En cette rentrée littéraire de nombreux journaux se font l'écho de "saison africaine", mais est-ce qu'une telle catégorie fait sens?
- Elisabeth Franck-Dumas journaliste à Libération
- Philippe Chevilley Chef du service culture des Echos
- Alain Mabanckou écrivain, professeur de littérature à UCLA
La réflexion qui va suivre et que je vais vous faire essayer de mener vient de deux lectures, un article du Monde intitulée “ rentrée littéraire: une saison africaine”, et puis un entretien croisé entre Léonora Miano et Alain Mabanckou dans le numéro des Inrockuptibles la semaine dernière. les deux auteurs viennent de publier des ouvrages très différents, qui un roman chez Grasset intitulé Crépuscule du tourment, qui un essai chez Grasset également, Le Monde est mon langage.

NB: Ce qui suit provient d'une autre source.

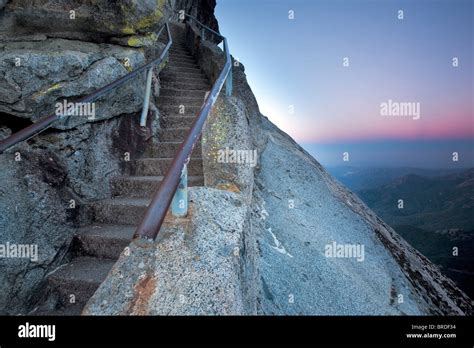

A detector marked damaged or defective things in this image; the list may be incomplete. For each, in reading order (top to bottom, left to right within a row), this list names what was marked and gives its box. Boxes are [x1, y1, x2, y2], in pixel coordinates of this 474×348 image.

rusty handrail [0, 19, 174, 154]
rusty handrail [133, 12, 231, 239] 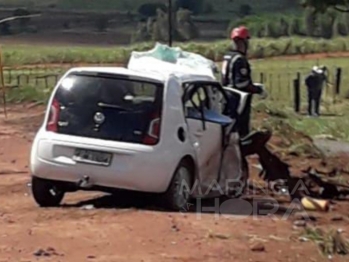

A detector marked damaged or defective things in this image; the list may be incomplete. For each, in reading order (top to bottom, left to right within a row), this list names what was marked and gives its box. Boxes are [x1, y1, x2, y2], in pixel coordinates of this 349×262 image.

wrecked white car [29, 43, 247, 211]
crushed car roof [67, 66, 218, 84] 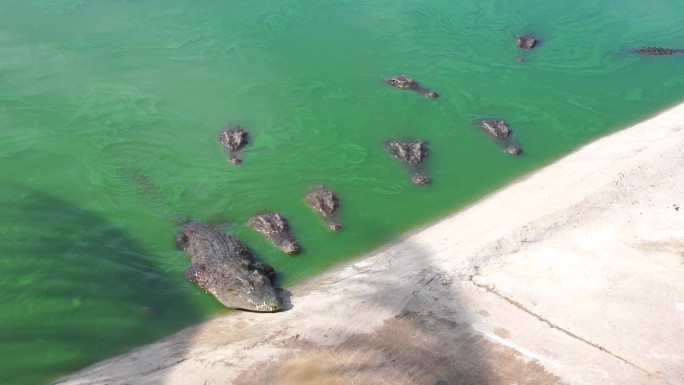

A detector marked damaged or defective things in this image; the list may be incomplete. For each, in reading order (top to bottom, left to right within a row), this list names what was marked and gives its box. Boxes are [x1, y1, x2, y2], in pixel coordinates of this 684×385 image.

crack in concrete [470, 278, 652, 376] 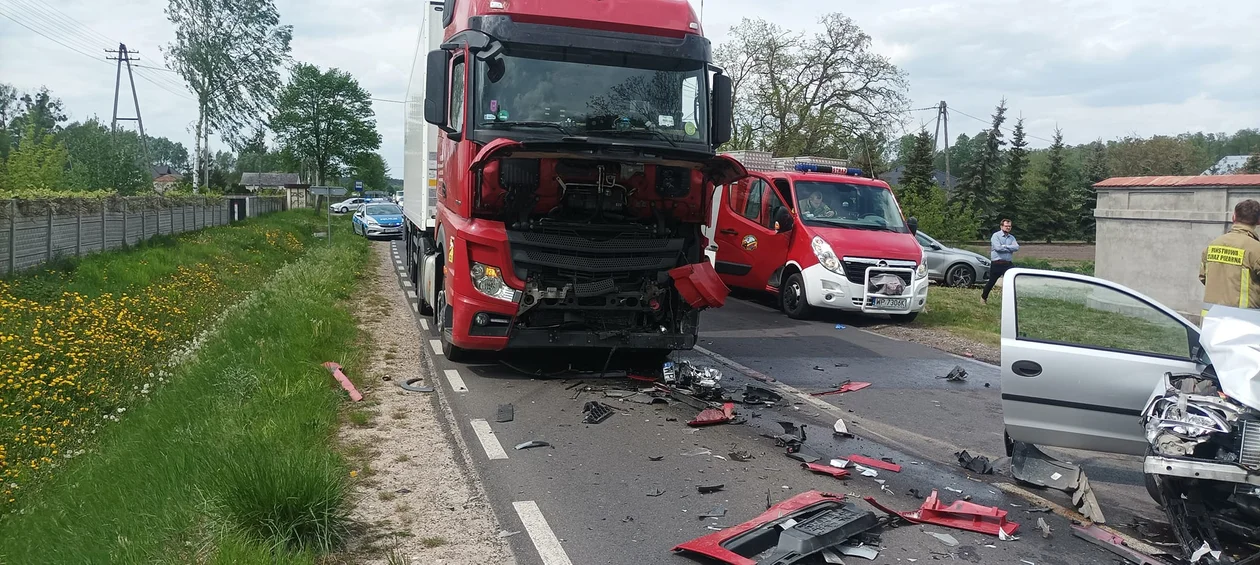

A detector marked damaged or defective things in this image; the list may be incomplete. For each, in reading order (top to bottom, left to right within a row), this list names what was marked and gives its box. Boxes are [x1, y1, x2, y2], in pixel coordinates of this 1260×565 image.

damaged red semi-truck [404, 0, 744, 360]
cracked bumper piece [672, 490, 880, 564]
destroyed car front [1144, 306, 1260, 560]
cracked bumper piece [1144, 454, 1260, 484] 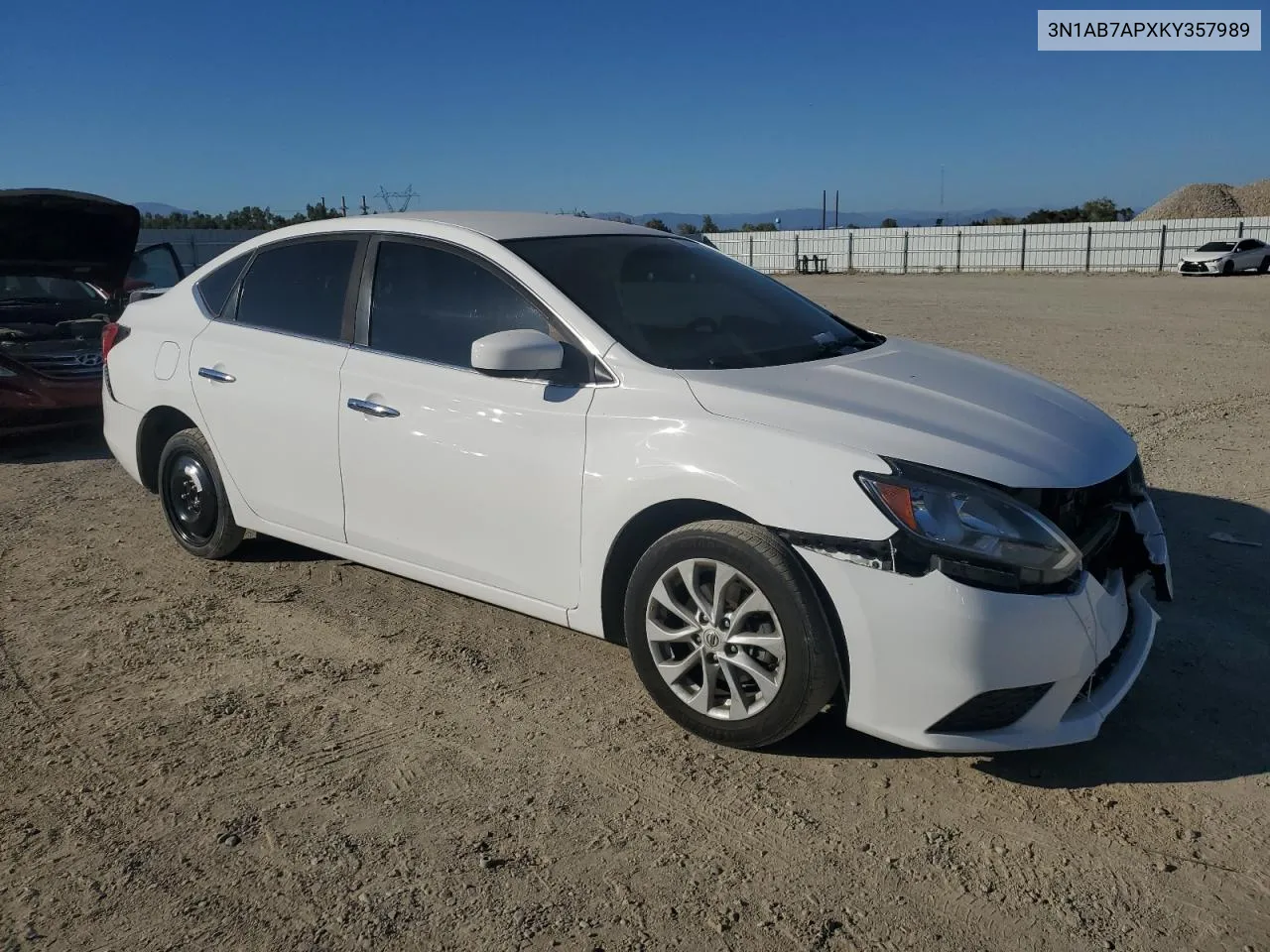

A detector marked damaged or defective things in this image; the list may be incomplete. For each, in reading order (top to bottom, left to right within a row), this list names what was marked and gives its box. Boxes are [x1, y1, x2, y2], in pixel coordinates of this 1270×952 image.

damaged headlight [853, 459, 1081, 588] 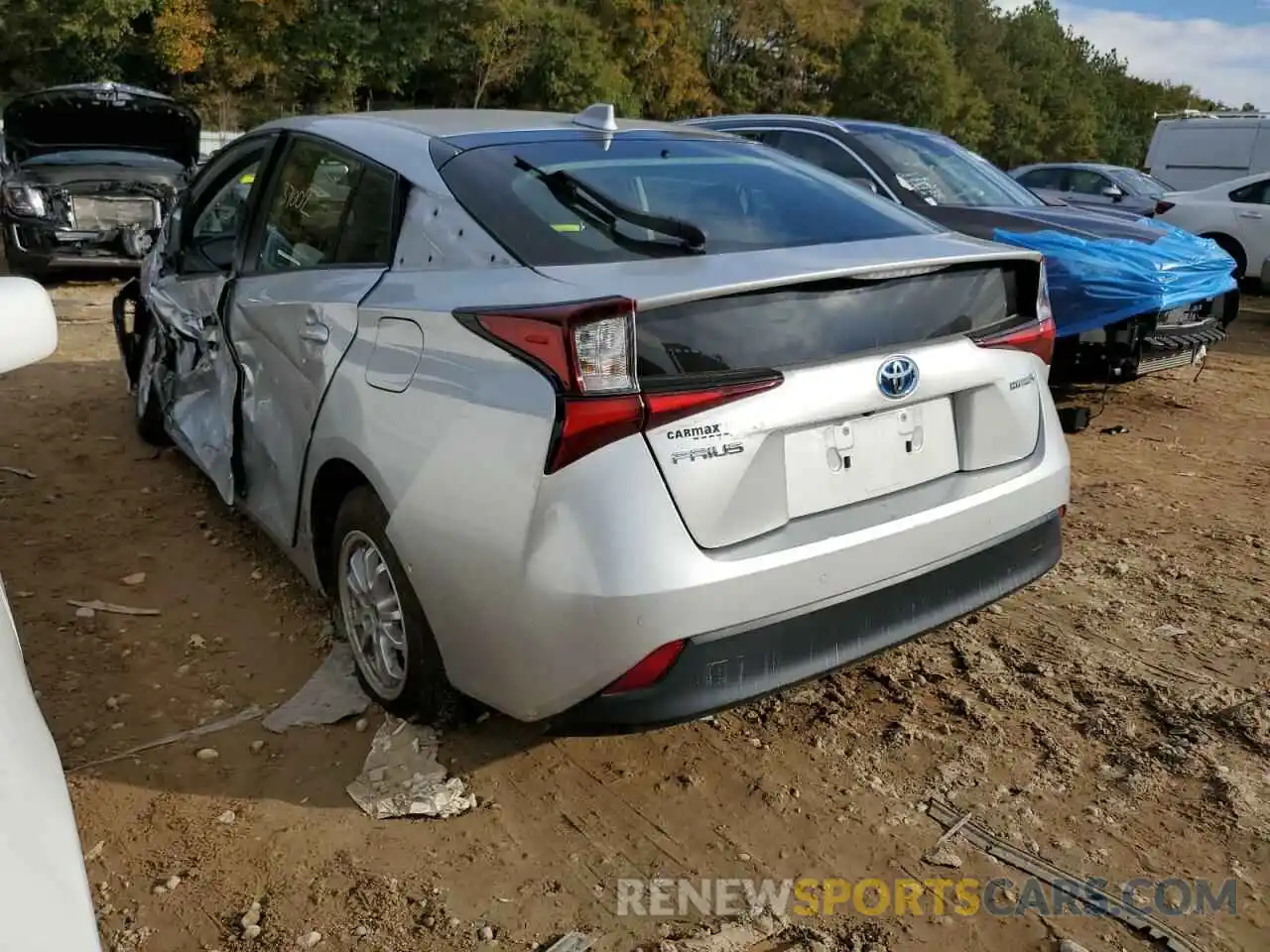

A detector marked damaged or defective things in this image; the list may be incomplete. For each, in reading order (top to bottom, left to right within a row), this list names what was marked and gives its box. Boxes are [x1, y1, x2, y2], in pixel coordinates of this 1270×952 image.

crash damage [1, 82, 198, 278]
damaged black vehicle [1, 82, 199, 280] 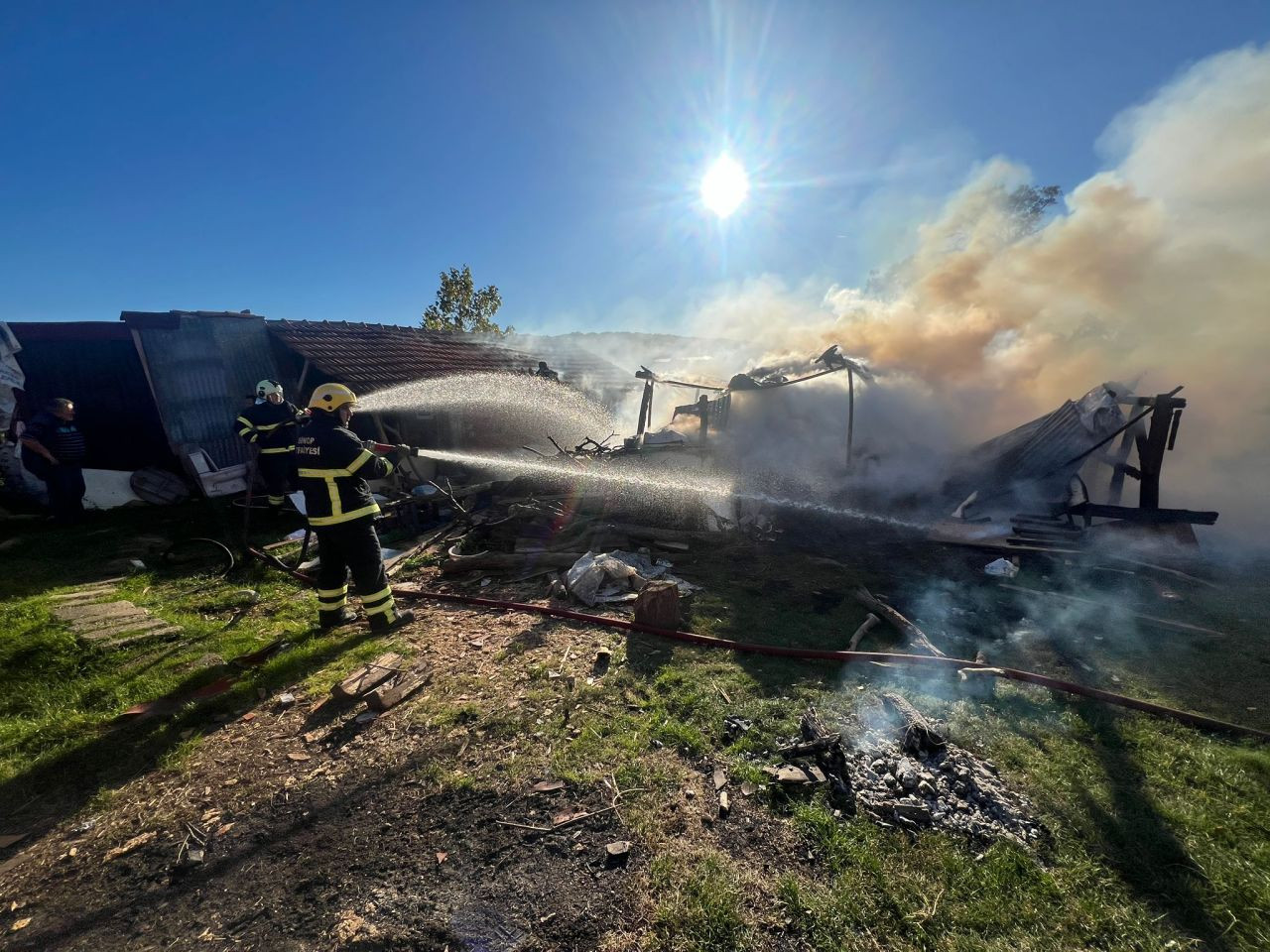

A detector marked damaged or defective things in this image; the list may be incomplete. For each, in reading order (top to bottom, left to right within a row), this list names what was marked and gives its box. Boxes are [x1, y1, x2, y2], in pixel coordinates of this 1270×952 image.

rusty metal panel [127, 314, 280, 467] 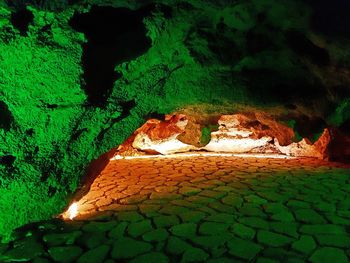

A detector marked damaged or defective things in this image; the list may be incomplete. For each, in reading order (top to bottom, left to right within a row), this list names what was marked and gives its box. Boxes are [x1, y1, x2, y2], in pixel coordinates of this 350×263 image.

cracked dry floor [0, 156, 350, 262] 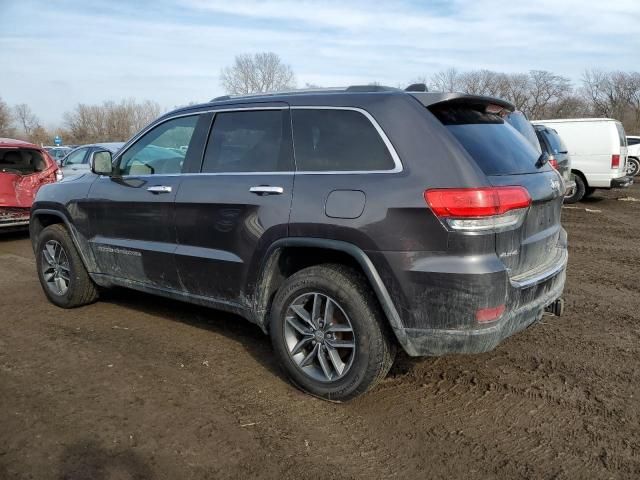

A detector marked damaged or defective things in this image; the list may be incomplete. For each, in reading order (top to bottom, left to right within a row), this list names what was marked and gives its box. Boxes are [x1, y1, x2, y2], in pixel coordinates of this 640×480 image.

damaged front bumper [0, 207, 30, 230] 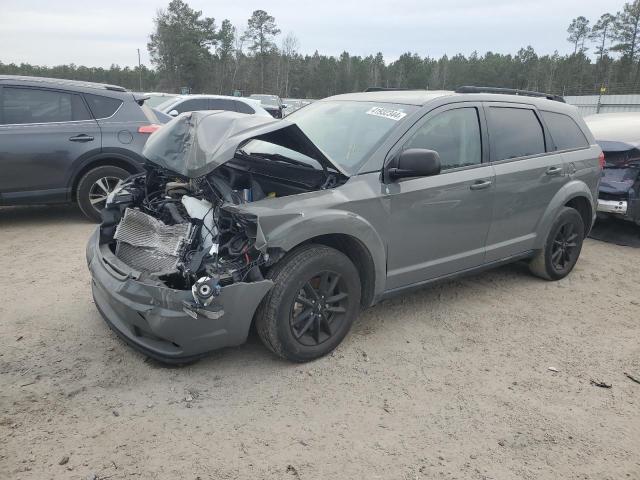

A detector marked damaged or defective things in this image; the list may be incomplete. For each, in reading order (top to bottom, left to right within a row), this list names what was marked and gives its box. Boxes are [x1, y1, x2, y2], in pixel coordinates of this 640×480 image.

damaged front end [87, 111, 348, 360]
crumpled hood [143, 110, 348, 178] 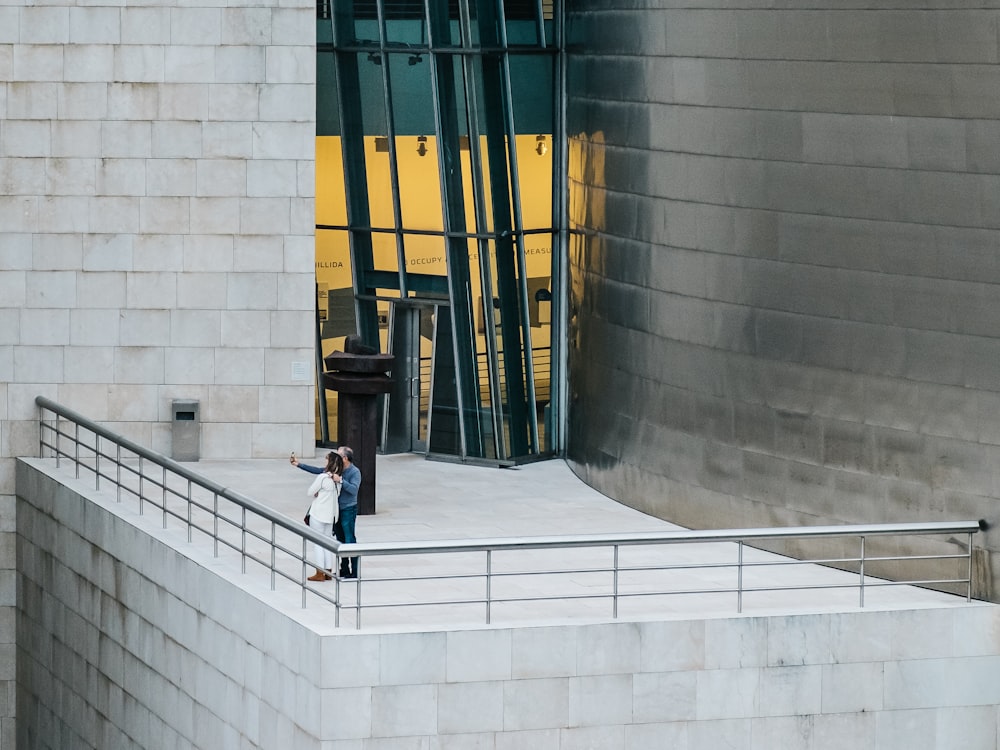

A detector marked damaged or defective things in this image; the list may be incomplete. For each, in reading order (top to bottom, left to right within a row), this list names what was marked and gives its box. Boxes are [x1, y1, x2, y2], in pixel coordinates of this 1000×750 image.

rusted metal sculpture [324, 336, 394, 516] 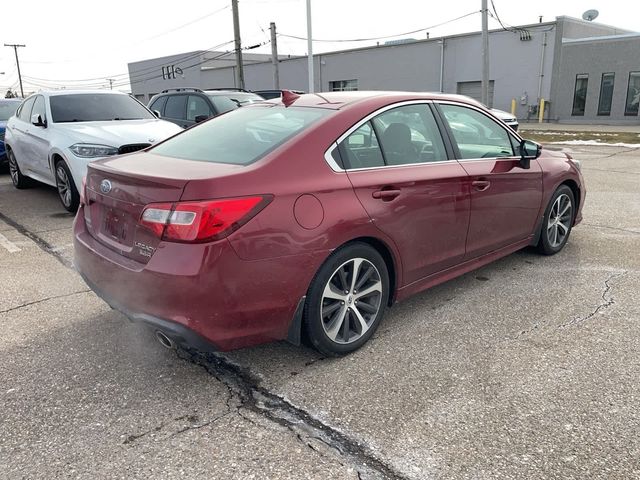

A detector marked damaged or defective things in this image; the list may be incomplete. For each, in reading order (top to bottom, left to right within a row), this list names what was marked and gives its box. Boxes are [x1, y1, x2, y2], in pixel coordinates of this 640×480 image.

crack in pavement [0, 211, 74, 270]
crack in pavement [0, 288, 91, 316]
crack in pavement [560, 272, 632, 328]
crack in pavement [178, 348, 412, 480]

Ils sont tous les deux présentés comme des écrivains “afropéanistes”, d’où peut-être la rencontre: alors qu’est-ce que ça veut dire afropéaniste? En cherchant je comprends que le mot est la déformation d’un autre mot forgé récemment, “ afropéen”, et mis en circulation en France il y a quelques années par Léonora Miano justement, pour décrire je cite “ ces personnes d’ascendance subsaharienne ou caribéenne et de culture européenne : des individus qui mangent certes des plantains frits mais dont les particularismes ne sont pas tellement différents de ceux qu’on peut trouver dans les régions de France”. Je trouve assez révélateur cette petite distorsion syntaxique opérée par le journaliste, car dans afropéaniste il y a le suffixe “-iste”, ce qui indique une forme de revendication. Or il s’agit bien de ça dans l’entretien: faire se converger deux paroles qui sont les paroles de deux écrivains africains de langue française.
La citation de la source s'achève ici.